In [None]:
# This Python 3 environment comes with many helpful analytics libraries installed
# It is defined by the kaggle/python Docker image: https://github.com/kaggle/docker-python
# For example, here's several helpful packages to load
# Input data files are available in the read-only "../input/" directory
# For example, running this (by clicking run or pressing Shift+Enter) will list all files under the input directory

import os
for dirname, _, filenames in os.walk('/kaggle/input'):
    for filename in filenames:
        print(os.path.join(dirname, filename))

# You can write up to 20GB to the current directory (/kaggle/working/) that gets preserved as output when you create a version using "Save & Run All" 
# You can also write temporary files to /kaggle/temp/, but they won't be saved outside of the current session

In [None]:
#importing necessary libraries
import numpy as np 
import pandas as pd
import plotly.express as px
import matplotlib.pyplot as plt
import seaborn as sns
import plotly
plotly.offline.init_notebook_mode(connected=True)
import plotly.graph_objects as go

In [None]:
#loading the dataset
games=pd.read_csv('/kaggle/input/videogamesales/vgsales.csv')
games.head()

In [None]:
games.shape

In [None]:
games.info()

***Year*** *column was wrongly represented as float so changing it to int format.*

In [None]:
#identifying missing values
games.isnull().sum()

In [None]:
#dropping null values and changing format of year column
games=games.dropna()
games['Year']=games['Year'].astype(int)

In [None]:
games.info()

In [None]:
games.isnull().sum()

In [None]:
#dropping duplicate rows
games=games.drop_duplicates()

In [None]:
games.shape

*There were 307 duplicate rows.*

In [None]:
px.pie(games,'Genre',title='Distribution of Genres')
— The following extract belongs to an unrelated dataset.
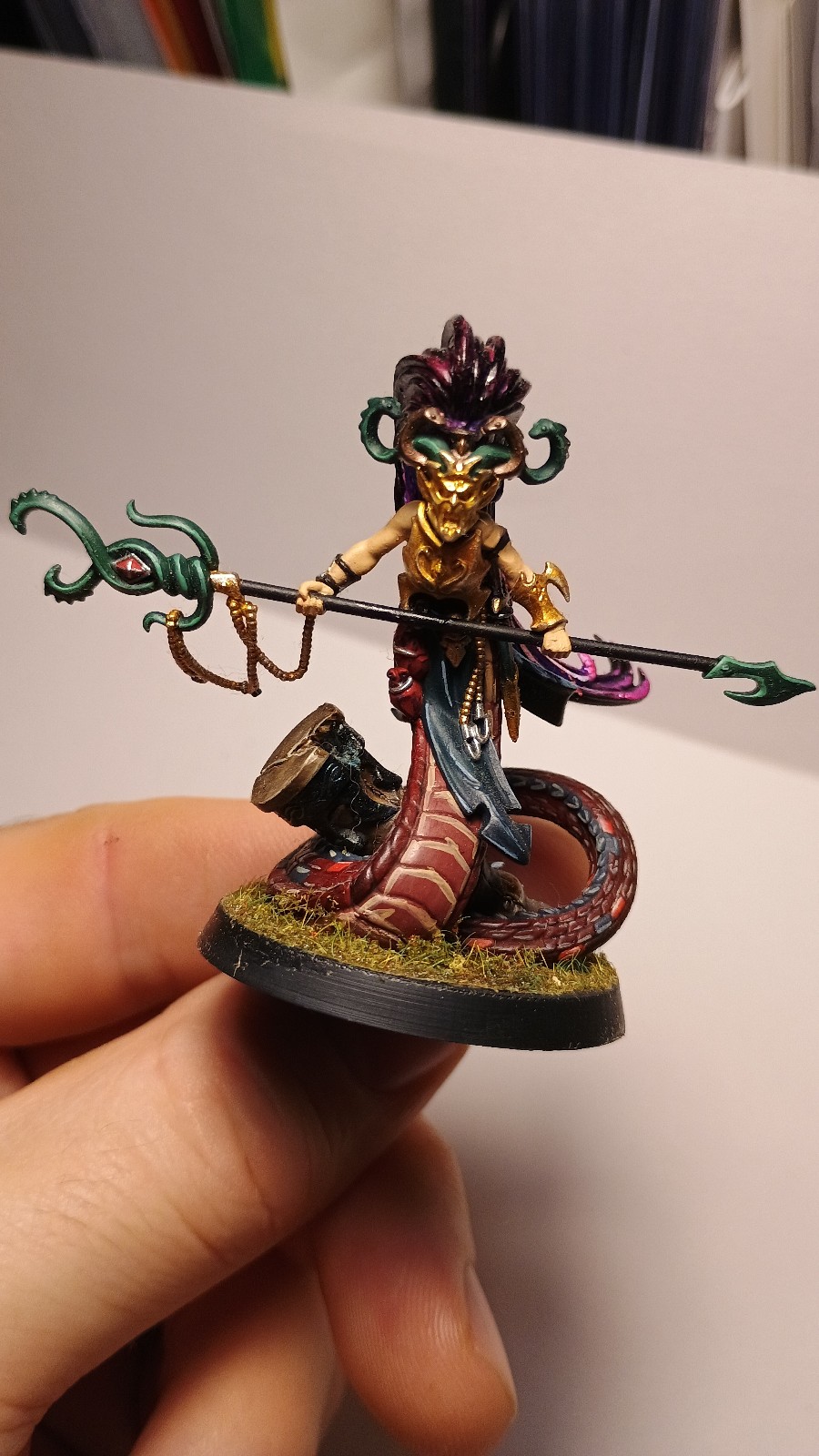 Daughters of Khaine Melusai Ironscale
*Majority of the games in the dataset are* ***Action(20%)*** *and* ***Sports(14.1%)*** *oriented.*

In [None]:
platform=games.Platform.value_counts(normalize=True)*100
px.bar(platform,y='Platform',labels={'index':'Platform','Platform':'Count in %'},color='Platform',
       title='Distribution of Gaming Platforms',color_continuous_scale=px.colors.sequential.Purpor)

*Most of the games are developed for* ***Nintendo DS*** *and* ***Sony Playstation 2*** *gaming consoles* ***(around 13%).***

In [None]:
year=games.Year.value_counts(normalize=True)*100
px.bar(year,y='Year',labels={'index':'Release year','Year':'Count in %'},color='Year',
       title='Distribution of Release Year',color_continuous_scale=px.colors.sequential.PuRd)

*Around* ***2008*** and ***2009*** *maximum games were released worldwide* ***(around 9%).***

In [None]:
top_publishers=games.Publisher.value_counts(normalize=True)[:20]*100
px.bar(top_publishers,y='Publisher',labels={'index':'Company','Publisher':'Count in %'},
       title='Top 20 Game Publishers in terms of most games produced',
       color='Publisher',color_continuous_scale=px.colors.sequential.Viridis)

***Electronic Arts*** *has published most number of games* ***(approx 8.2%)*** *amongst the top 20 publishers.*

In [None]:
#function to plot sales calculated each year in all parts of the world
def sales_per_year(column,color,title):
    sales_per_year=games.groupby(['Year'])[column].sum()
    fig=px.bar(sales_per_year,y=column,labels={column:'Sales(in million)'},color=column,
           color_continuous_scale=color,title=title)
    fig.show()

In [None]:
sales_per_year('NA_Sales','Cividis_r','Yearly Sales in North America')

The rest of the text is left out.